01.06.1988 Тарту, Эстония, Эстония
Голову под крыло
Как-то приехали, а в скворечнике на фронтоне дровяного сарая поселилась ярко-рыжая белка с малыми бельчатами. Увидев нас, принялась разъяренно бегать по коньку крыши, {292} беспрерывно цокая, что, по-видимому, должно было нас испугать. Мы, не открывая дверей, уселись на крыльце, включая нашего рыжего кота Кинга, и стали ждать, что будет. Бедная мамаша, поцокав, пощелкав и сообразив, что на нас нет управы, нырнула в скворечник и появилась снова — с бельчонком в зубах. По стенке она спустилась вниз и прыжками устремилась в лес. У колодца она приостановилась, оглянулась — не следим ли мы за нею. Мы следили, но зато придерживали Кинга, заметно разволновавшегося. Тут же она вернулась за вторым бельчонком, потом за третьим, потом появилась в четвертый раз, но уже, вероятно, чтобы удостовериться, что ничего не забыла, и на всякий случай припугнуть нас — может быть, одумаемся. Мы долго переживали эту материнскую драму, но думаю, бельчата все-таки выжили в каком-нибудь лесном дупле. (Мы еще не знали, что через несколько лет судьба этого семейства постигнет и нас. И мы тоже выживем.)
Книгу жизни мы читаем бегло, можно сказать, перелистываем, небрежно пропуская не только страницы, но целые главы. Я сам считаю себя убежденным урбанистом, люблю каменные теснины старых европейских городов, пришел в восторг, когда однажды оказался среди «скребущих небо» зеркальных дворцов Манхэттена, но ближе всех держу к сердцу город, где родился и прожил всю жизнь. И все-таки мне очень повезло, что дважды судьба давала мне возможность пожить жизнью сельского работника и хозяина. Помимо практической пользы, которой все мы не чураемся, я испытал множество ощущений, мне неведомых, обнаружил в себе миллион нервных окончаний, прежде молчавших, многому научился, а главное — имел возможность взглянуть отсюда, со стороны, на свою городскую суть, которую считал единственно возможной и верной. Ведь мы, горожане, особенно столичные, чего греха таить, считаем себя солью земли и венцом творенья и где-то в подсознании носим марксову формулу об «идиотизме сельской жизни».

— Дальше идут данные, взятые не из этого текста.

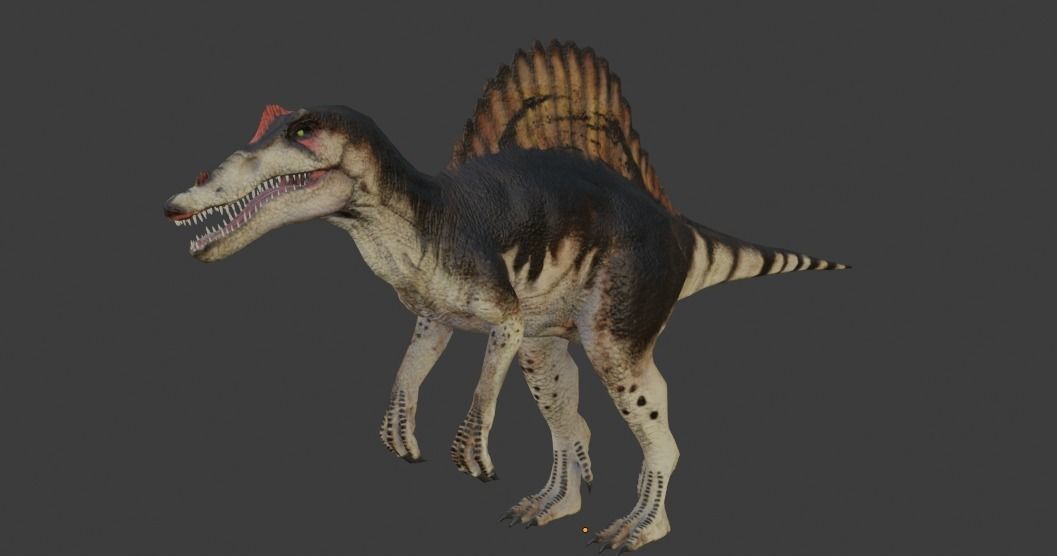 Spinosaurus Animated Low-poly 3D model_9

Год за годом приезжая на свою лесную опушку, проводя на ней несколько месяцев, мы становились невольными созерцателями природы, этакими стихийными дзэн-буддистами, убежденными, что в ней нет мелочей, все значительно и прекрасно, едино и неповторимо, разумно и бесконечно в своей глубине, а мы сами — лишь частное ее проявление. Не утруждая себя философией, мы {293} просто по-житейски всматривались в чудесное превращение живого, например, от крошечного сухого семечка до жаркого пунцового плода, от рябенького неприметного яичка до верткого, жизнелюбивого скворца. И не заметили, как это стало содержанием наших забот и разговоров, образом жизни.

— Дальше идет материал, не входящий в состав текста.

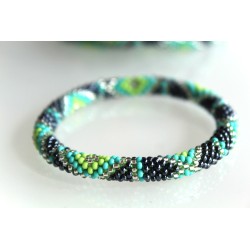 Glasperlenarmband handgefertigt in Nepal 16,7 cm - 254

Стыдясь непродуктивности своего времяпрепровождения, я по несколько раз в день обходил свои владения, и рукотворные, и дикие, отмечая всякую перемену. Глаз становился зорче, понятливее, устремлялся от целого к частностям и нюансам, будь то яблочная завязь, жук-плавунец, поросший мхом камень или цветок по имени «сапожок». Я проходил весь природный календарь длиной в три сезона — проходил буквально ногами, трогал руками, ощущал спиной и кожей, впитывал всеми органами чувств. Жена донаблюдалась до того, что пришлось обращаться к услугам местного костоправа. Мы завели амбарную книгу, куда день за днем вписывали отнюдь не наши ощущения и мысли, а скупые факты типа «пиона расцвелась». При этом я не хочу сказать, что я стал натуралистом, из меня даже образцового огородника не получилось. Но вот сейчас, когда хутора у меня нет, я знаю, без чего особенно тоскую, а значит, что делало меня там счастливым.

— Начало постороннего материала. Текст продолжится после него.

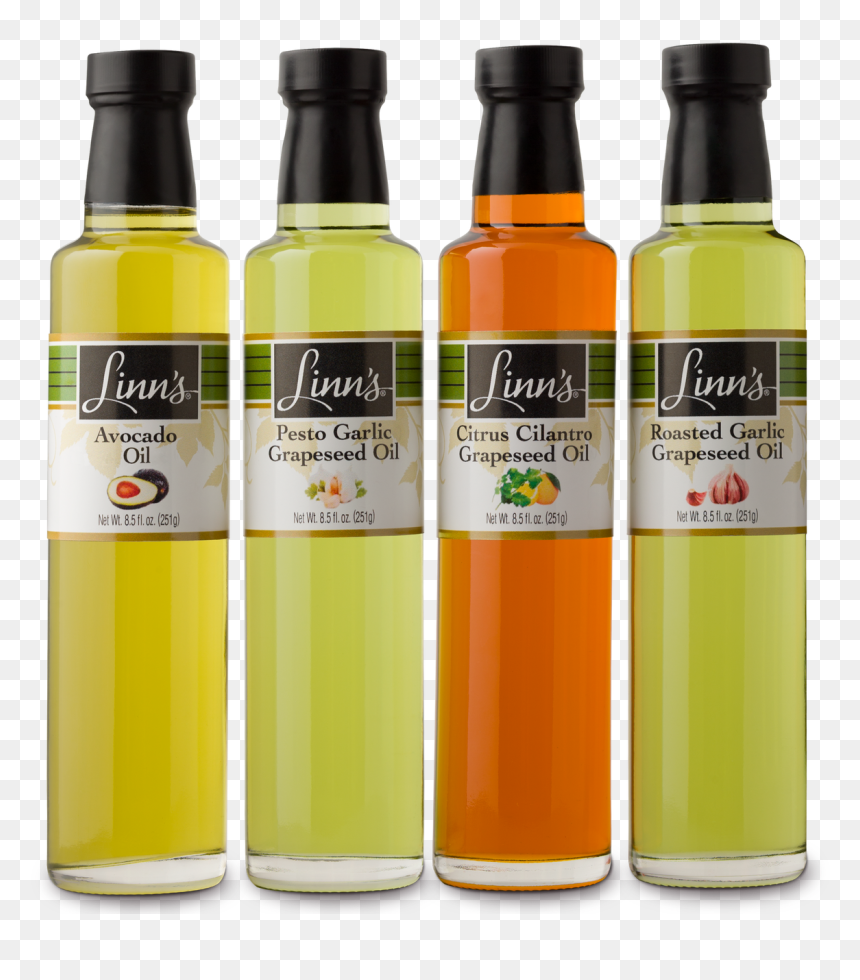 Linn"s Flavored Cooking Oils, - Glass Bottle, HD Png Download - cooking oil bottle png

Рано утром растворишь окно в комнате, когда солнце еще не поднялось над нашими могучими елками, а лишь через них пробивается сильными лучами, и там, в еще тенистом и влажном лесу шебуршат птицы — и поют, и тренькают, и трещат, перелетая с ветки на ветку, как будто чего-то не поделили. В этот час первую чашку кофе нужно выпить, сидя на крыльце, влажном от росы.
После этого надо достать из сарая косу, увлажнить ее в траве и пройтись по ней оселком, доводя особо «мысок» и «пятку» до предельной остроты жала. Коса будет мягко валить сочные травяные заросли рядок за рядком где-нибудь в саду или у колодца, обходя, как правило, кусты незабудок. Мелькнут в последний раз яркие бубенцы купальницы, сиреневые медоносные султанчики, луговая герань. Прямо из-под косы выскочит жаба и торопливо, заваливаясь на бок, упрыгает прочь. Лужайку перед домом пока не надо трогать. Она уже скошена один раз, а теперь вся поросла одуванчиками, их ярко-желтые цветы закрываются на ночь и сейчас вот?вот снова раскроются. Трава чуть подсохнет и над россыпью золотистых розеток, похожих на маленькие солнца, залетают {294} пчелы и шмели, ни один не пропустят, тишина огласится ровным гуденьем. Скворчата в двух скворечниках на березах так подросли, что домики ходят ходуном, покачиваются, и гам стоит великолепный. На лужайке расставлены красные складные стулья, между ними небольшой столик, вот тут и будем завтракать, когда все проснутся.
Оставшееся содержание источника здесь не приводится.